Friday, January 23, 2015
Defense Secretary nominee aiming to pare down U.S. nuclear arsenal
Tom Z. Collina, Defense One, Jan 22
If Ashton Carter is confirmed next month as defense secretary, as appears likely, he will face a dilemma: the Pentagon’s trillion-dollar plans to modernize the U.S. nuclear arsenal are excessive and unaffordable. As the Air Force and Navy admit, their nuclear shopping lists outstrip their budgets. This gives Carter an historic opportunity to bring the nuclear weapons budget in line with U.S. security needs.
There are real advantages to scaling back the nuclear enterprise. Carter will presumably want to start new projects and expand others, such as cybersecurity (think Sony hack and North Korea) and anti-terrorism (Paris terror attacks), and he will have to find the money from within his own budget.
The good news is that the nuclear piggy bank is over-stuffed and ripe for a withdrawal.
At first look, Carter may seem an unlikely candidate to tackle this challenge. He served as the Pentagon’s top weapons buyer and second-in-command from 2009 to 2013, meaning he had a hand in this drama. And, in 2013, Carter said nuclear weapons “don’t actually cost that much.”

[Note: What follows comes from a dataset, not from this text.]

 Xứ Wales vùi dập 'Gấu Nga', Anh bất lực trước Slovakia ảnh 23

But Carter was talking mainly about the cost of the current arsenal, not the looming modernization. More recently, senior Pentagon officials have begun to appreciate how expensive this will be. As Undersecretary of Defense Frank Kendall said, “We’ve got a big affordability problem out there with those programs.”

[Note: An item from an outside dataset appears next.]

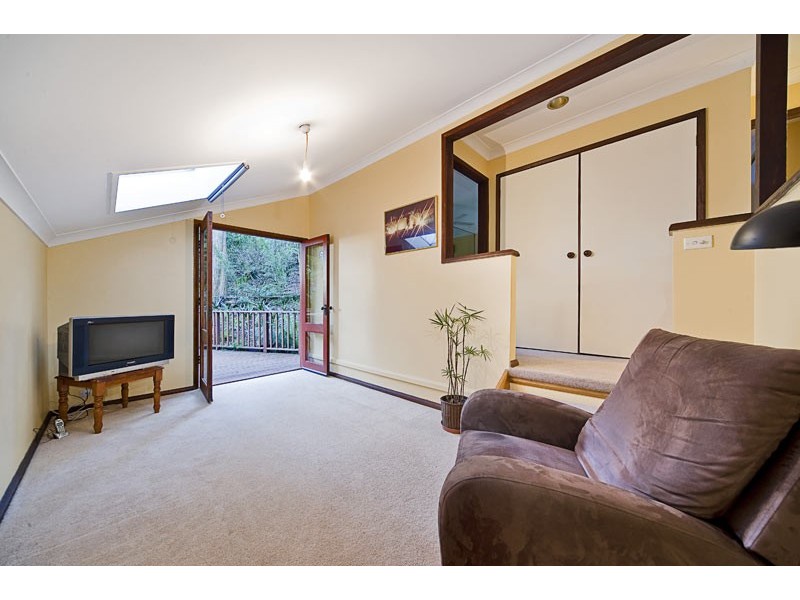 19a Dulwich Road, Roseville NSW 2069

Others are more blunt. A recent commission co-chaired by former Defense Secretary William Perry, Carter’s former boss, and retired Gen. John Abizaid called current plans for the arsenal “unaffordable” and a threat to “needed improvements in conventional forces.” They estimated that the nuclear arsenal could cost up to $1 trillion over 30 years.
How did the nuclear budget get so plump? Primarily through neglect. Instead of leading a thoughtful review to determine how much of the aging U.S. nuclear arsenal needs to be rebuilt for the post-post-Cold War era (some but not all), the Obama administration let the military services decide what they would like (everything).
So we now have an out-of-control nuclear shopping list that includes a dozen nuclear-armed submarines, up to 100 long-range bombers, hundreds of land-based ballistic missiles, air-launched cruise missiles and rebuilt nuclear warheads to go with them.
This is excessive—and dangerous. The Cold War ended 25 years ago. Russia may be rattling its sabre in neighboring Ukraine, but this does not call for a nuclear buildup. Instead, the United States needs to support its NATO allies with conventional forces, such as fighter jets and surface ships, which are also competing for scarce defense dollars. Overinvesting in nuclear weapons just starves the programs we really need.